A name with external linkage can be referred to from a different scope, possibly in a different source file. Functions and objects declared with the extern specifier have external linkage, as do entities declared at namespace scope that do not have internal linkage.
A name with no linkage can be referred to only from within the scope where it is declared. Local declarations that are not extern have no linkage.
Every function, function type, and object has a language linkage, which is specified as a simple character string. By default, the linkage is "C++". The only other standard language linkage is "C". All other language linkages and the properties associated with different language linkages are implementation-defined.
You can specify the language linkage for a single declaration (not a definition) or for a series of declarations and definitions. When you specify linkage for a series of declarations and definitions, you must enclose the series in curly braces. A language linkage declaration does not define a scope within the curly braces. For example:
extern "C" void cfunction(int); extern "C++" { void cppfunc(int); void cppfunc(double); }
Language linkage is part of a function's type, so typedef declarations keep track of the language linkage. When assigning a function to a function pointer, the function and pointer must have the same linkage. In the following example, funcptr is a function pointer with "C" linkage (note the need for curly braces because it is a definition, not a declaration). You can assign a "C" function to funcptr, but not a "C++" function, even though the rest of the function type matches.
extern "C" { void (*funcptr)(int); } funcptr = cfunction; // OK funcptr = cppfunc; // Error
C does not support function overloading, so there can be at most one function with "C" linkage of a given name. Even if you declare a C function in two different namespaces, both declarations refer to the same function, for which there must be a single definition.
Typically, "C" linkage is used for external functions that are written in C (such as those in the C standard library), but that you want to call from a C++ program. "C++" linkage is used for native C++ code. Sometimes, though, you want to write a function in C++ that can be called from C; in that case, you should declare the C++ function with "C" linkage.
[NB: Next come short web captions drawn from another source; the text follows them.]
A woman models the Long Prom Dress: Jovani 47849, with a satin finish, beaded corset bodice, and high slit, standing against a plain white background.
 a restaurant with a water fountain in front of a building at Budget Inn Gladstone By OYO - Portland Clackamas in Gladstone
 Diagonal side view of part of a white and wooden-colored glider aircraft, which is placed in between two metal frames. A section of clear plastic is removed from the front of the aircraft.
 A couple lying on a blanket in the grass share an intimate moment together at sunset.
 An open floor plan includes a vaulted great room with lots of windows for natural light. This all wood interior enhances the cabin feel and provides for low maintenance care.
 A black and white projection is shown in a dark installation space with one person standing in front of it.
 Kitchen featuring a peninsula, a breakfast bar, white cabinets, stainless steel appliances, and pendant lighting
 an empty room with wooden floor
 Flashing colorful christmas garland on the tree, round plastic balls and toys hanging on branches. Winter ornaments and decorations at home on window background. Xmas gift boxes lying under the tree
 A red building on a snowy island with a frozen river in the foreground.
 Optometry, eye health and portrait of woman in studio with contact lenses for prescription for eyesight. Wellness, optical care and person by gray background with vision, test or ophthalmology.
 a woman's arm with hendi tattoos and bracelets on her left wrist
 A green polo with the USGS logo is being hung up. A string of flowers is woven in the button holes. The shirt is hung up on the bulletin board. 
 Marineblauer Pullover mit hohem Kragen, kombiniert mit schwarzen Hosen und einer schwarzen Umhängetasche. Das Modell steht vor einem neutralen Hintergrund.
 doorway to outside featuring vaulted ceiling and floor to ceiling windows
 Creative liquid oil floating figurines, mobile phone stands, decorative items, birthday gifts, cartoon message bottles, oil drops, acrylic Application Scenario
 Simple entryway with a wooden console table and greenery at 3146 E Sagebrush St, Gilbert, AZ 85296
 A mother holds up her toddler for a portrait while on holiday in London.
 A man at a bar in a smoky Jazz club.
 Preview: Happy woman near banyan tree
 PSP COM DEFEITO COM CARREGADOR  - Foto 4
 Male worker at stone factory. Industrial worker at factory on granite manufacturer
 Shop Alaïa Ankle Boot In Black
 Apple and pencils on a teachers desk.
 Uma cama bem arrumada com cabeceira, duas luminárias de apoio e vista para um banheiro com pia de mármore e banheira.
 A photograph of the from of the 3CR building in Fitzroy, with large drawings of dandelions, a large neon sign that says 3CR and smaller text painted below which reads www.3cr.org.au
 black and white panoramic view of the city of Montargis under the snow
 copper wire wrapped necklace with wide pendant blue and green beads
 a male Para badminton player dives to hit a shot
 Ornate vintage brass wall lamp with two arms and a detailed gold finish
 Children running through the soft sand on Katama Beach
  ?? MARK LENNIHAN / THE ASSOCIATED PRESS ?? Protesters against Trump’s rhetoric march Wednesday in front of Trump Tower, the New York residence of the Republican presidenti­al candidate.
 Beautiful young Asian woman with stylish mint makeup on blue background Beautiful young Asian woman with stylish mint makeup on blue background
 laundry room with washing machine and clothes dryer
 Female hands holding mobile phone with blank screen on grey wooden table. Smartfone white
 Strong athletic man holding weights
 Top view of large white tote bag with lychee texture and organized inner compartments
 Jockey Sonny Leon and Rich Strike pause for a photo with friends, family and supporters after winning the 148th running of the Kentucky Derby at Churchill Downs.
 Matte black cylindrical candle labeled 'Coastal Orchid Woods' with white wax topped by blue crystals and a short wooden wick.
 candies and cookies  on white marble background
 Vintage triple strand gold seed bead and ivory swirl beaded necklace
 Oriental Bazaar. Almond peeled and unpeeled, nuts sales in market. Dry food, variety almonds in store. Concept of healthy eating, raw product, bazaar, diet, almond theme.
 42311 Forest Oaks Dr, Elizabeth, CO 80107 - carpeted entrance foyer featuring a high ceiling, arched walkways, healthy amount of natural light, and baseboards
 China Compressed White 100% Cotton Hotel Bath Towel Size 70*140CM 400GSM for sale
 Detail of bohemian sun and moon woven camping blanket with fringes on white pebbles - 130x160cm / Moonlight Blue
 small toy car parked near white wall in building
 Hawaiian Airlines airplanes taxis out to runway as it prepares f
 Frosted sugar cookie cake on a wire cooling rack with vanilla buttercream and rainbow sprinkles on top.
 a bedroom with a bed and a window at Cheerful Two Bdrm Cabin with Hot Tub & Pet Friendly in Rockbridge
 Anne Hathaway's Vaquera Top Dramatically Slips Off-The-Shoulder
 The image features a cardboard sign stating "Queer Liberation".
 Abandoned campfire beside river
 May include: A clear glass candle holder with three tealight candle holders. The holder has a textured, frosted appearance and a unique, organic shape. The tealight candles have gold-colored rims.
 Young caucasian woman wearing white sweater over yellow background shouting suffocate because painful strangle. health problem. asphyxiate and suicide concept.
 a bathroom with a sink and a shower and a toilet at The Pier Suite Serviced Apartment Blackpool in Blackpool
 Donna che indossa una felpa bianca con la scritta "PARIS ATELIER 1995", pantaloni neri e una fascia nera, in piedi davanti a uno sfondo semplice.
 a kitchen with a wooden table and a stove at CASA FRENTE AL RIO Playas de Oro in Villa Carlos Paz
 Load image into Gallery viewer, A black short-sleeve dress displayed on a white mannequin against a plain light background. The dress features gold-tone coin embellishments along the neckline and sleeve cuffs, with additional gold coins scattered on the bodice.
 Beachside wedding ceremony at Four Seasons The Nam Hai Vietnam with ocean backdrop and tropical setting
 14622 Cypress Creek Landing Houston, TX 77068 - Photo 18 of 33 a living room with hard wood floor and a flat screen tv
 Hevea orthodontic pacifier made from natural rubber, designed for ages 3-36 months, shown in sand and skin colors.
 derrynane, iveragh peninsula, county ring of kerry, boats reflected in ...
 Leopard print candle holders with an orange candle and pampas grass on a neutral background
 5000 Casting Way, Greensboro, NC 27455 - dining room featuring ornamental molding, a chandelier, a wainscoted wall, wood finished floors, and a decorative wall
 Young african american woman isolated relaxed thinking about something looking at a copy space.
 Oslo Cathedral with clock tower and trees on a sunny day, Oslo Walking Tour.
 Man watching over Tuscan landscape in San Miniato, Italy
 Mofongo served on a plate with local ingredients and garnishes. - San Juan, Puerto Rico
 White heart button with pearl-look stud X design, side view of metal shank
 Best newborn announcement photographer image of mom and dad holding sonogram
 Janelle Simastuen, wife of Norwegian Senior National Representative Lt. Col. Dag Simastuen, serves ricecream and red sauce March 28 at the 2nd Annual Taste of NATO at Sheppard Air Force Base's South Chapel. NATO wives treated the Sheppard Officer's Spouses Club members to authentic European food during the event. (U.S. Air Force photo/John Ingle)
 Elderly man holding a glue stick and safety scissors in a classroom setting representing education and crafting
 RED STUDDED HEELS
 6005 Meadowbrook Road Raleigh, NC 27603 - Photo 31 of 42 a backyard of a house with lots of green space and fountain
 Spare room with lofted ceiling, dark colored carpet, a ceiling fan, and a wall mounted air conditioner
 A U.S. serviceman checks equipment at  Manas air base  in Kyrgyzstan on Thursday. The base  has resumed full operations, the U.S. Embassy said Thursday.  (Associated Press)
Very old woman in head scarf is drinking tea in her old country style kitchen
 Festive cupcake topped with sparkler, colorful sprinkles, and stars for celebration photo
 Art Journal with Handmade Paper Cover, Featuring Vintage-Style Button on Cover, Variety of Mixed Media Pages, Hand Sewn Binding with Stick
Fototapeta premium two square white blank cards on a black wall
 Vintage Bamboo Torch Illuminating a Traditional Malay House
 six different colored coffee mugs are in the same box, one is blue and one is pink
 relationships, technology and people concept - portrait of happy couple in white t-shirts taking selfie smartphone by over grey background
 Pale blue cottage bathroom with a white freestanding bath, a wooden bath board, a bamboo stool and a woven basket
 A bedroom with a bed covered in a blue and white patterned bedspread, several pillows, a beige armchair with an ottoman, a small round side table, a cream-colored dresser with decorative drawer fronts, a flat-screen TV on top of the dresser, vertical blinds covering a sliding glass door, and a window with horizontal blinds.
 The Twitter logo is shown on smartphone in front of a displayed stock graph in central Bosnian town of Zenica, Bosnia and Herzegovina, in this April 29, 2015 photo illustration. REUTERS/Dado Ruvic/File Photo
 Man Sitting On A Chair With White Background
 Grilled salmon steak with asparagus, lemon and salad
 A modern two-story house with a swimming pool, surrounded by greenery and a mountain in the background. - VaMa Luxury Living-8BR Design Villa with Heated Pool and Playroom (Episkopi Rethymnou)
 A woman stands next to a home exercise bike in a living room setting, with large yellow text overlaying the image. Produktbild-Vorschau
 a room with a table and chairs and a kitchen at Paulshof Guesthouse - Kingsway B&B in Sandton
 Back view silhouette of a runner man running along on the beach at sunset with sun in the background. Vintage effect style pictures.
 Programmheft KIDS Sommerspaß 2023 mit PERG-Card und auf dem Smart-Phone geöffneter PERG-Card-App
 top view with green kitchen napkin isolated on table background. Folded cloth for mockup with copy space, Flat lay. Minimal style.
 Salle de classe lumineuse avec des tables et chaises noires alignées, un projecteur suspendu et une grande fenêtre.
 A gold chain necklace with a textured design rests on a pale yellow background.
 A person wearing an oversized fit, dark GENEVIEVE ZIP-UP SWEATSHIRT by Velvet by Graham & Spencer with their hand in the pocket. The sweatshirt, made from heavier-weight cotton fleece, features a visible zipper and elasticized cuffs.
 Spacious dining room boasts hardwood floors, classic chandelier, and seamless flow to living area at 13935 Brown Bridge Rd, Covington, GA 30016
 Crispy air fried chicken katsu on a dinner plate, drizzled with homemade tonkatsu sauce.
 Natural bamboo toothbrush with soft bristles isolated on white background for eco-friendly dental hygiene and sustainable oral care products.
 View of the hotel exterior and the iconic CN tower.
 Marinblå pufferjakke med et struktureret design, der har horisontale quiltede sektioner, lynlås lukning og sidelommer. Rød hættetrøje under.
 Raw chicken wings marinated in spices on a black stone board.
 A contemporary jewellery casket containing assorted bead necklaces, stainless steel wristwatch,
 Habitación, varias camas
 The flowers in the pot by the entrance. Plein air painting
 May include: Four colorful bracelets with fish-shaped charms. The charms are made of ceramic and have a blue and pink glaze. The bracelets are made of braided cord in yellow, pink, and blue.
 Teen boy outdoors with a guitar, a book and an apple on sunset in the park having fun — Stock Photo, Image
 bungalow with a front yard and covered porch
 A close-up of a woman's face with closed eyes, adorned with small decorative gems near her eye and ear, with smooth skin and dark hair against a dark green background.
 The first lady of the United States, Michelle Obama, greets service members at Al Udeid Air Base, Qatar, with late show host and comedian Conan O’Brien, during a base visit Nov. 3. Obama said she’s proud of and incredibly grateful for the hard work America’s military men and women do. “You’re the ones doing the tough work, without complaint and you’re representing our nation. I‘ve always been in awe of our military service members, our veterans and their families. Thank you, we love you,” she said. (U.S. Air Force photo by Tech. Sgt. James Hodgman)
An implementation might support other language linkages. It is up to the implementation to define the properties of each language: how parameters are passed to functions, how values are returned from functions, whether and how function names are altered, and so on. In many C++ implementations, a function with "C++" linkage has a "mangled" name, that is, the external name encodes the function name and the types of all its arguments. So the function strlen(const char*) might have an external name of strlen_ _FCcP, making it hard to call the function from a C program, which does not know about C++ name-mangling rules. Using "C" linkage, the compiler might not mangle the name, exporting the function under the plain name of strlen, which can be called easily from C.